Now I’d like you to try these question questions with an adult! I have put the answers in white after each questions – this’ll mean that you can’t cheat and see what they are!

  1. How old does someone have to be to drive a car on the road? (There may be different age limits in different countries, but in the UK it is 17).
  2. How old does someone have to be to own a mobile phone? (No age limit)
  3. How old does someone have to be buy fireworks without an adult? (There may be different age limits in different countries, but in the UK it is 18).
  4. How old does a person have to be before they can join the army? (Again, this may be different in different countries, but in the UK it is 15 years and 9 months)
  5. How old does someone have to be to buy a computer game with an 18 warning on it? (From 18 years of age.)
  6. How old does someone have to be to get a part-time job? e.g. a paper round (In the UK it is 13 years old, but this may be different in other countries. To work part-time in a shop a person must be 14 years old)
  7. How old does a person have to be to buy an alcoholic drink without an adult? (in the UK this is 18, but other countries may have different rules)
  8. How old does a person have to be to get married? (In the UK this is 16 with parental consent. This may be different in other countries)
  9. How old does a person have to be to send a text message on a mobile? (No age limit)
  10. How old does a person have to be to fly a plane? (In the UK this is 17 years old)
  11. How old does a person have to be to be able to go to court and face criminal charges? (In the UK this is 10 years old.)
  12. How old does a person have to be to buy a national lottery ticket? (In the UK this is 16, but other countries’ lotteries may have different age limits)

 

Please now discuss with your parents an answer to the following question:

What should they do if something doesn’t feel ‘right’ when they are online or using a mobile phone?
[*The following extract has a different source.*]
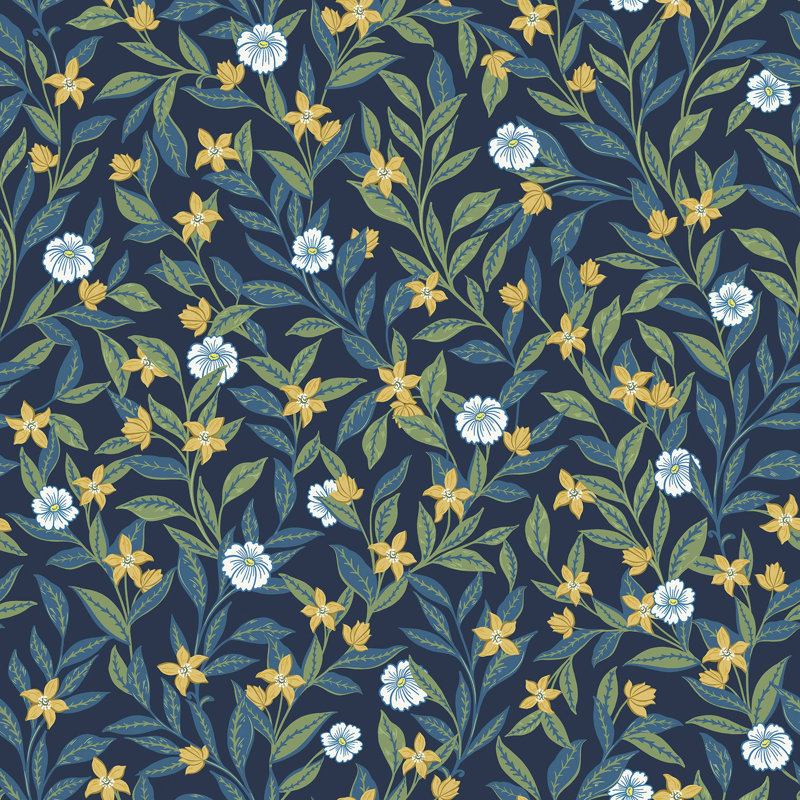 Katia 8.23m x 68.58cm Matte Wallpaper Roll, Blue/Yellow
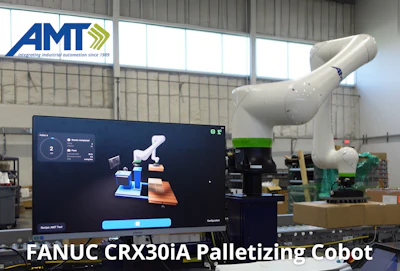 FANUC CRX30iA palletizing cobot with control display in AMT industrial facility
Please share what you have come up with on our class blogging page!

Picture 1

DAY 4 – P.E: Following on from last week, I would like you to practise some skills which can be used for Sports Day. Sports Day this year may be happening when you are at home. You’re all fortunate to have some outside space – it really doesn’t matter how big your garden is. I hope you got on well last week with your standing long jump.

 

This week we’ll be focusing on doing circuits. All you need to do is watch the video below and repeat these activities. I fully suggest you crank up your sound system, avoiding annoying the neighbours, and have a go at doing these activities.

 

This will be a really good chance to see how fit you are. Take your heart rate before and after. How long does it take you to get your heart rate back to the rest rate?

Picture 1

DAY 5 – FOREST SCHOOLS…BEING AN EXPLORER: We’ve all had quite a bit of time on our hands during lockdown. You may have noticed that you look at things in a different way. A lot of our freedoms we had previously have temporarily been capped.

 

You are all able to now go for more than one walk/exercise per day. I would like you to do something when you go on your next week and be a real explorer. I found that when I was walking in the fields near me I could hear lots of different birds. However, I wasn’t really able to identify many of them – there were so many! So, when you are going for your walk please try to:

 

-Identify at least 10 different types of plant.

 

-Learn the bird call for at least four different common birds.

-Identify 5 different types of tree and estimate how old they are.

-Identify three types of cloud in the sky.

 

You don’t need to record anything here, just in your brain! You may want to take a photograph of what you’ve been looking at when you are being an explorer. We have spent quite a bit of time online being an explorer, now the restrictions have been lifted slightly it would be good to get back outside and explore the environment around us!

 

Please post any of your photos on our class blog and also make sure you maintain social distancing rules.